FREE AstroScience SEARCH ENGINE

Wednesday, October 13, 2021

These galaxies cannot form new stars and astronomers don't know why


7:50 PM | ,

Some of the oldest and most massive galaxies in the universe have mysteriously lost the ability to produce new stars and have become "blacked out".  Astronomers found them in a new study and wondered if this was due to some unknown process that disrupted stellar production, but they soon discovered something startling: galaxies actually never had enough gas for new stars.

 This "dead" galaxy can still generate a new large and massive elliptical galaxy

 How to measure distances between galaxies in a constantly expanding universe?

 It was through the Atacama Large Millimeter/submillimeter Array (ALMA) and the Hubble Space Telescope that the researchers discovered half a dozen primitive massive galaxies that ran out of “fuel”.  They're not the only galaxies considered to be faded, but given their ages, the absence of cold gas isn't exactly what scientists expected to see.

 To analyze galaxies so distant and dim, astronomers used a feature that the universe itself provides, gravitational lenses—spacetime distortions caused by the gravity of much closer galaxies positioned precisely between Earth and the farthest target.  With these lenses, light from distant objects is “forced” to follow the distortion path, resulting in magnification of the source.  In this case, the sources were the six galaxies described in the study.

 According to Kate Whitaker, lead author of the study and an assistant professor of astronomy at the University of Massachusetts, scientists deduced "that these extinct galaxies hit the brakes a few billion years after the Big Bang."  However, the most cautious observation led them to conclude "that the first galaxies didn't really apply the brakes, but were instead running in a vacuum".

 This conclusion is totally unexpected, because the oldest galaxies, formed in the first three billion years after the Big Bang, should be rich in cold gas, the raw material of the stars.  That was just the mystery—how did galaxies rich in cold gas stop stellar production?  Well, they weren't that rich.

 To better understand how these galaxies formed and died, the team made simultaneous observations with ALMA and Hubble, as part of a project called REQUIEM (short for REsolving QUIEscent Magnified galaxies), which focuses on using gravitational lenses to observe galaxies that, otherwise they would not be found.  The authors then analyzed light at millimeter wavelengths to measure the amount of gas in galaxies.

 Stars form in molecular clouds made mostly of hydrogen and helium, the most abundant elements in the universe.  When the most massive ones explode in a supernova, the resulting turbulence pushes those clouds away and, as a result, they become denser.  Increasingly compressed, this cold gas ends up collapsing under its own weight, and thus a star is born.  In this cycle that repeats itself over millions of years, new stars also incorporate the gas and dust released by supernovae—a kind of cosmic recycling.

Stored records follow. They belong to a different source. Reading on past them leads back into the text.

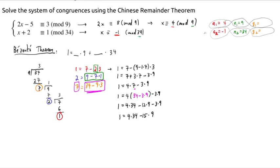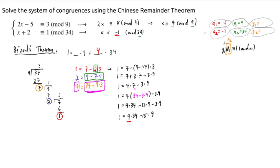So our Bezout coefficients are 4 for 34 and negative 15 for 9. Since y1 times n2 (which is 34) is congruent to 1 mod 9, y1 is 4. And the other coefficient takes the minus sign, so y2 is negative 15. This is where most of the work in the Chinese remainder theorem gets done.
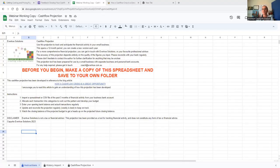I'm going to now share the screen. You're looking at the cash flow projection — this is a copy I've made to complete during this workshop.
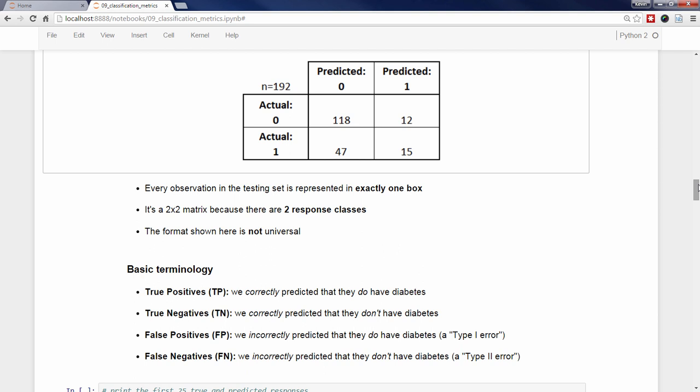When a confusion matrix is used for a binary problem, each of the four boxes has a specific name. The bottom right is called true positives, indicating that in 15 cases the classifier correctly predicted that a patient has diabetes. The upper left is called true negatives, indicating that in 118 cases the classifier correctly predicted that a patient does not have diabetes. The upper right is called false positives, indicating that in 12 cases the classifier incorrectly predicted a patient has diabetes when they do not. The bottom left is called false negatives, indicating that in 47 cases the classifier incorrectly predicted a patient does not have diabetes when in fact they do.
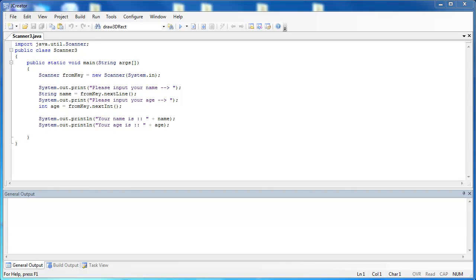In this video, I want to show you an oddity with the Scanner class. It happens when you have an integer followed by a string. I've created this simple program to demonstrate the issue.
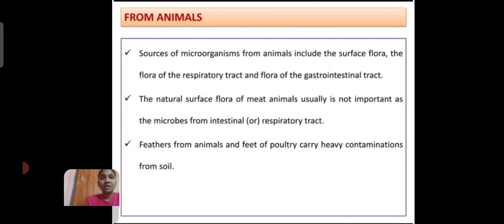From animal sources, microorganisms include the flora of the respiratory tract and the flora of the gastrointestinal tract. The natural surface flora of the meat animal is usually not as important as the microbes from the intestinal or respiratory tract. Further, from animal feed and poultry care, there is heavy contamination of soil.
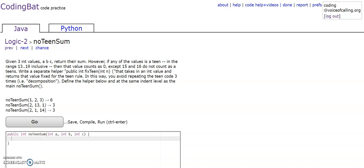15 and 16 do not count as teens. Write a separate helper method public int fixteen int n that takes an int value and returns the value fixed for the teen rule. In this way, you avoid repeating the teen code 3 times. Define the helper below at the same indent level as the main method.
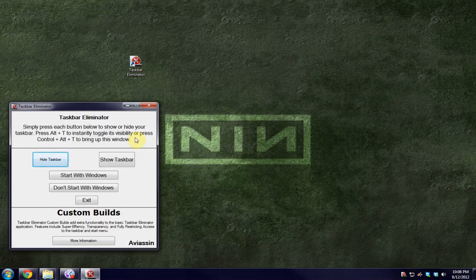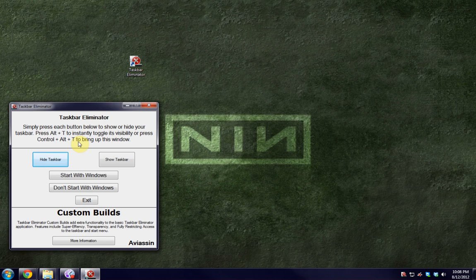There are two ways to use this program. The first is to hit the buttons, and the second is to use the keyboard shortcuts. I personally prefer the keyboard shortcuts because when the program is minimized, you don't have a taskbar anymore.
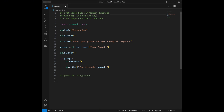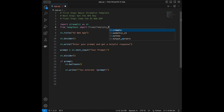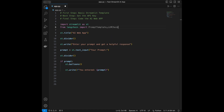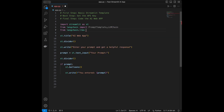The next step is coding the AI web app — this is the most complex part, but it's not that complex. I'll start by importing from Langchain: PromptTemplate and LLMChain. Then I'll also import from langchain.llms: OpenAI.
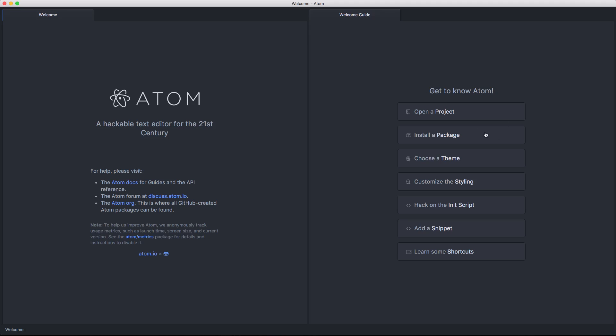Now what's cool is they say, get to know Atom. You can open a project, install a package, choose a theme, customize the styling, hack on the initializing script, add a snippet, and learn some shortcuts. So right off the bat, Atom scores points in being easy to use and really just showing you how you can be better at using its own application direct out of the box.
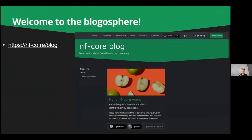NFCore blog. You might have seen this blue little dot on the about page — we are now part of the blogosphere. Back to the early 2000s, blogger was the new cool thing. And yes, if you just go to nf-core.com/blog, you'll find the initial blog posts.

 Thus, it is natural that galaxies always have some considerable amount of cold gas, but this is not the case for the six galaxies observed in this study.  They've had their gas tanks emptied, and it's still unclear why.  "We don't understand why this is, but possible explanations could be that the primary gas supply that fuels the galaxy has been cut off or perhaps a supermassive black hole is injecting energy that keeps the gas in the galaxy warm," said Christina C. Williams, co-author of the study.

 This means that galaxies cannot refuel the “fuel tank”, in Williams' words, and therefore cannot restart the processes of star production.  "The mere fact that these massive beasts of the cosmos formed 100 billion stars in about a billion years and then suddenly ended their star formation is a mystery we would all love to solve," Whitaker said.  In other words, where did the cold star-forming gas go?

 To find the answer to these nagging—or exhilarating, depending on your point of view—questions will require further studies.  But REQUIEM's research has already brought important advances to the study of galaxies through gravitational lenses.  In fact, this was the first time that scientists were able to make measurements of cold material from distant faint galaxies outside the local universe.